Jesús no va a añadir una oración más a los salmos, la más importante, diríamos los cristianos. No, lo que necesitaban y siguen necesitando los salmos es un corazón puro que los sepa pronunciar delante de la verdad última de Dios. Y es esto lo que nos ofrece Jesús en el padrenuestro. Nos da su posición delante de Dios, la posición filial que Dios mismo ha preparado desde siempre en su Hijo para nosotros. Nos da el deseo último que tiene que llevar toda oración, pida lo que pida o alabe como alabe: que el Reino de Dios se realice, que la creación alcance la forma paradisiaca que siempre pensó Dios para ella y que solo aparece en la forma de ser de Jesús. Nos da el plural en el que nos concibió Dios y del que cuando nos salimos solo hay desierto, porque estamos creados para ser hermanos compartiendo el pan y la misericordia.
Por
eso, aprender el padrenuestro no es una cuestión de memorizar y repetir.
Es más bien, aprender a vivir desde el corazón de Jesús, confiando en que pase
lo que pase somos hijos amados, aunque no lo parezca como cuando Jesús en Getsemaní
clamó: “Que pase de mí este cáliz”, pero no dejó de llamar a Dios Abba. Confiando,
pese a las apariencias de pérdida o las pérdidas reales que supone el
preocuparnos por los otros, que somos hermanos y que solo fraternalmente
alcanzamos la vida y la felicidad. Y no solo confiando, sino aceptando sin
ingenuidad que el mal está siempre a la vuelta de nuestro corazón para ganarlo
y frustrar nuestra vocación de vida, y que vencerle supone luchar y suplicar a
Dios de continuo.
Así
pues, convendría que, aunque sepamos de memoria el padrenuestro, hoy, otra vez,
le pidamos al Señor que nos enseñe a rezarlo con su mismo corazón.
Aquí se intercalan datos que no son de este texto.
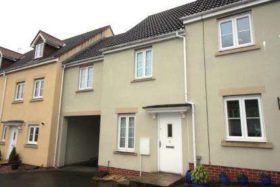 3 Bedroom Terraced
En esta composición de Hannah Dunnett, el padrenuestro aparece como un hilo que atraviesa la creación y la vida de los hombres. Y esto me gusta, porque la oración que el Señor nos enseña no es solo para dedicarle un tiempo y un espacio, sino para que vayamos aprendiendo a hacer que todo tiempo y todo espacio sea suyo y así Él pueda vestir todo de su belleza y de su gloria. Es esta belleza sin oscuridad ni estridencias la que se sugiere en la pintura.